DirecTV reconsiders ad hoc programming, NFL Sunday Ticket

Michelle Clancy | 28-11-2011

DirecTV, the largest satellite TV operator in the US, has decided to take precautions against unfavourable 2012 economic conditions by slashing programming costs.

Citing the European debt crisis and the upcoming presidential election as reasons for the move, the operator will take a new look at NFL Sunday Ticket and offer ad hoc packages allowing customers to choose their own packages of channels for which they can pay less than the all-in-one tier packages.
That in turn allows DirecTV to pay less for the expensive bundled-channel packages offered by content owners. This sort of ad hoc programming tactic not a popular move on the part of studios for obvious reasons, but increasingly pay-TV operators are demanding a way out of paying for channels that few people watch.
Meanwhile sports programming--something consumers are willing to pay a premium for--will be exempted from the scheme, allowing DirecTV to capitalise on upsell opportunities.
Speaking fo sports, NFL Sunday Ticket, the exclusive premium football package offered by DirecTV, is also coming under scrutiny. To wit: the operator managed to claim 327,000 net subscriber additions in the third quarter of 2011, but is not reaping an economic benefit. According to Zacks Investment Research, that's because the gains are attributable to a promotion for
"The company offered one-year free NFL ticket subscription for all its new customers, who opted for its two-year video contract," said Zacks in a research note. "DirecTV is bearing an estimated cost of $1 billion a year to broadcast this package. As a result, the company’s bottom line suffered in the previous quarter."
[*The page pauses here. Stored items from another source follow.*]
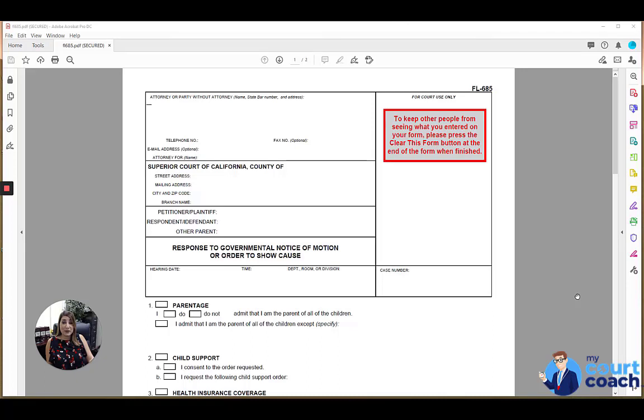Hi, thanks for using my court coach. I'm Sarah and I'll be your instructor today as we talk about the response to governmental notice of motion or order to show cause.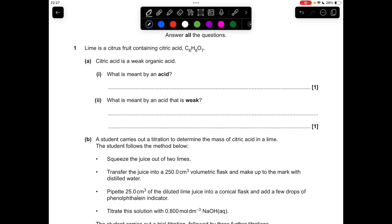So what's meant by an acid? It's a proton donor — you could say H⁺ donor. And what's meant by an acid that's weak? It's a proton donor that is partially ionized, so you'd say partially dissociated.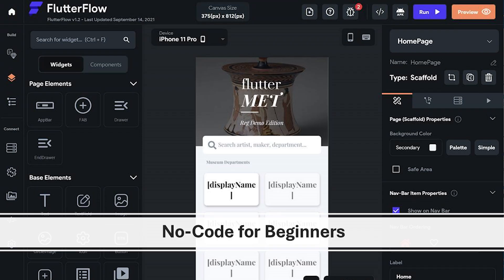Even those with no prior coding experience can build basic apps using Flutter Flow's intuitive visual interface. This opens up the world of mobile app development to a wider range of people with great app ideas but who might be intimidated by traditional coding languages. With Flutter Flow you can focus on the core functionalities and user experience of your app without needing to learn complex programming concepts.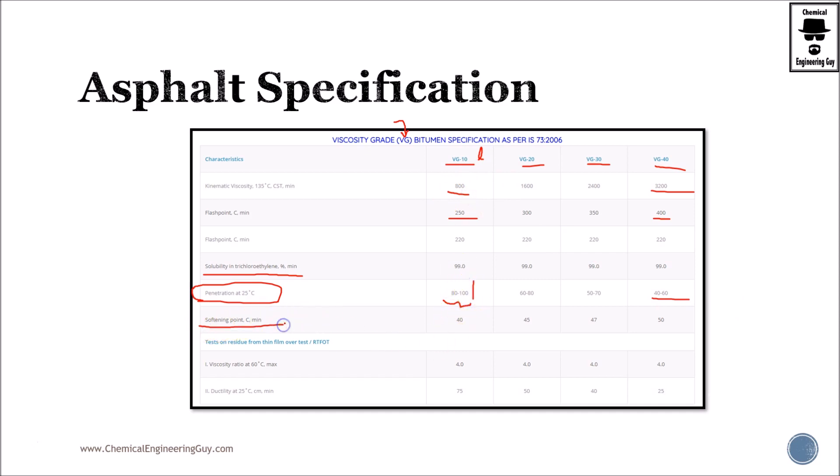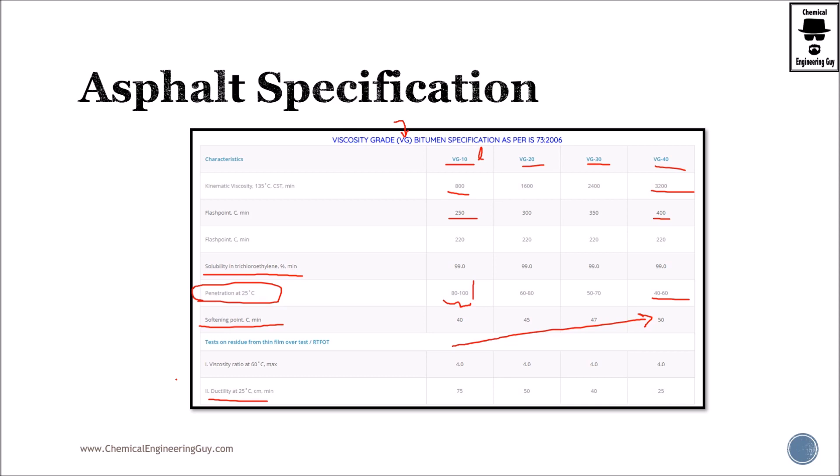Softening point, as you can imagine, is the temperature at which it will start flowing, so it should increase according to the density or viscosity of the material. Viscosity ratio and ductility - so this is essentially what you will find in VG bitumen or asphalt specifications.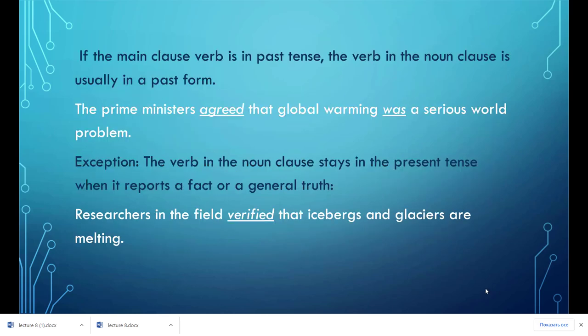If the main clause verb is in the past tense, the verb in the noun clause is usually in a past form. For example: 'The prime minister agreed that global warming was a serious world problem.' However, the verb in the noun clause stays in the present tense when it reports a fact or a general truth. For example: 'Researchers in the field verified that icebergs and glaciers are melting.'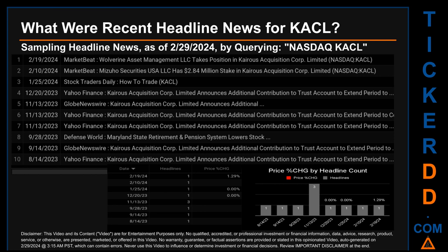The latest publication was Monday, February 19th, 2024, when Market Beat published the headline: 'Wolverine Asset Management LLC Takes Position in Kairos Acquisition Corp Limited.' The oldest publication was Monday, August 14th, 2023 — six months and 15 days ago — when Yahoo Finance published the headline: 'Kairos Acquisition Corp Limited Announces Additional Contribution to Trust Account to Extend Period.' Monday, November 13th, 2023, had the most headlines with three discovered.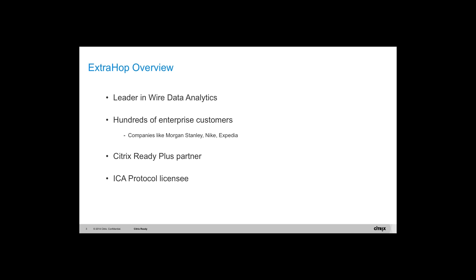We started in 2007 and currently we have around thousand plus technology partners, over 27,000 product verifications, and over 20 lakh online catalog page views. Moving on to give you an overview of ExtraHop.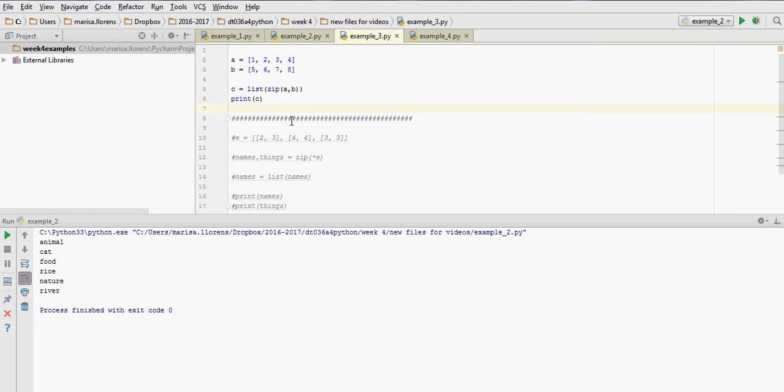Hello. In this video I'm going to show you a very useful tool, which is the function zip, that is used to combine lists together.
Strategic imperatives, like TV Everywhere, will remain on track. NFL Sunday Ticket is now available via Sony's PlayStation 3 videogame console, the iPhone/iPad and online.
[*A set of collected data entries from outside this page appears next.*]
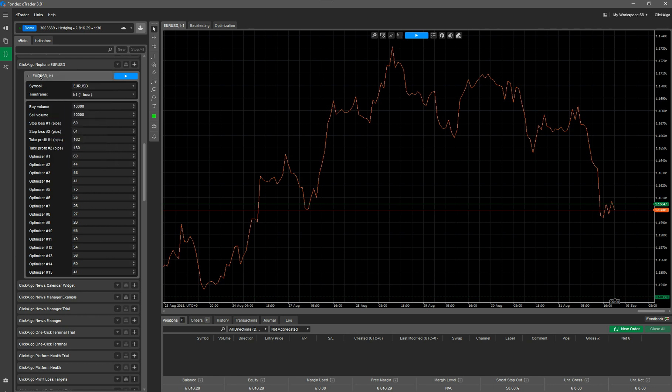So what you want to do is click on the down arrow and select Add Instance. Once you've done that, the robot parameters will come along down the bottom here. Now each robot that you can download from our website has the parameters already optimized for it.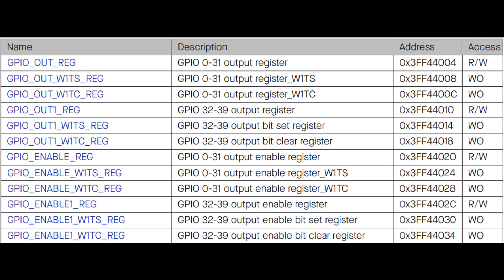Now let's take a look at how to give outputs to the first 31 GPIO pins using this register. Imagine this is the GPIO out register that we saw earlier. It's a 32-bit register and is used to control GPIO output pins 0 to 31. If the first bit of the register is set to 1, GPIO pin 0 will be set high. If the second bit is set high, GPIO pin 1 will be set high, and so on.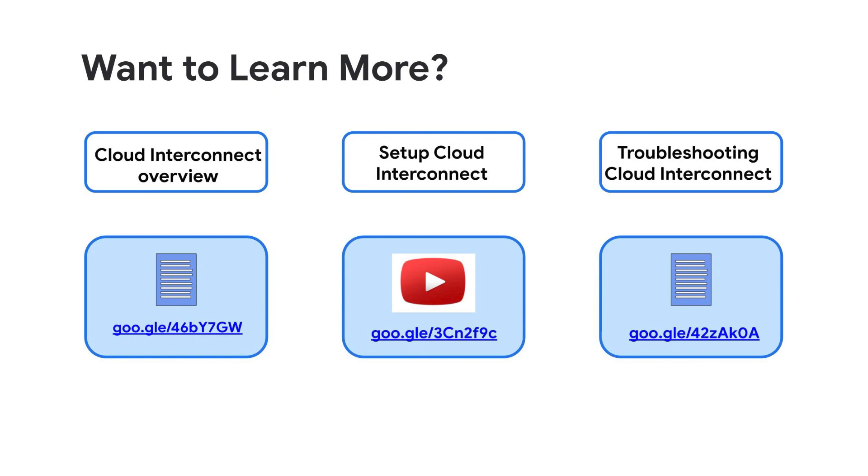For more information about Cloud Interconnect and troubleshooting issues, check out the following documents. Thanks for watching!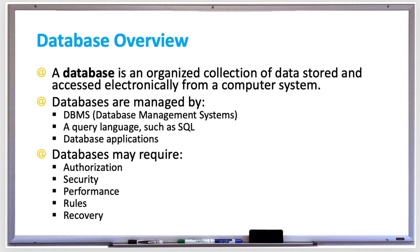And then there's rules. So data may need to be consistent with structural and business rules, such as making sure the data is complete and accurate. And if there are more than one database copies, then they should also be in sync with each other.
"Pay-TV operators are facing serious threat from online video streaming service providers, such as Netflix Inc.,, YouTube, and Inc. to name a few," wrote Zacks. "These online videos provide an extremely cheaper source of TV programming unless the customer is very eager to see real time programs like sports events. This business model is gaining momentum especially when the economy is under recessionary conditions."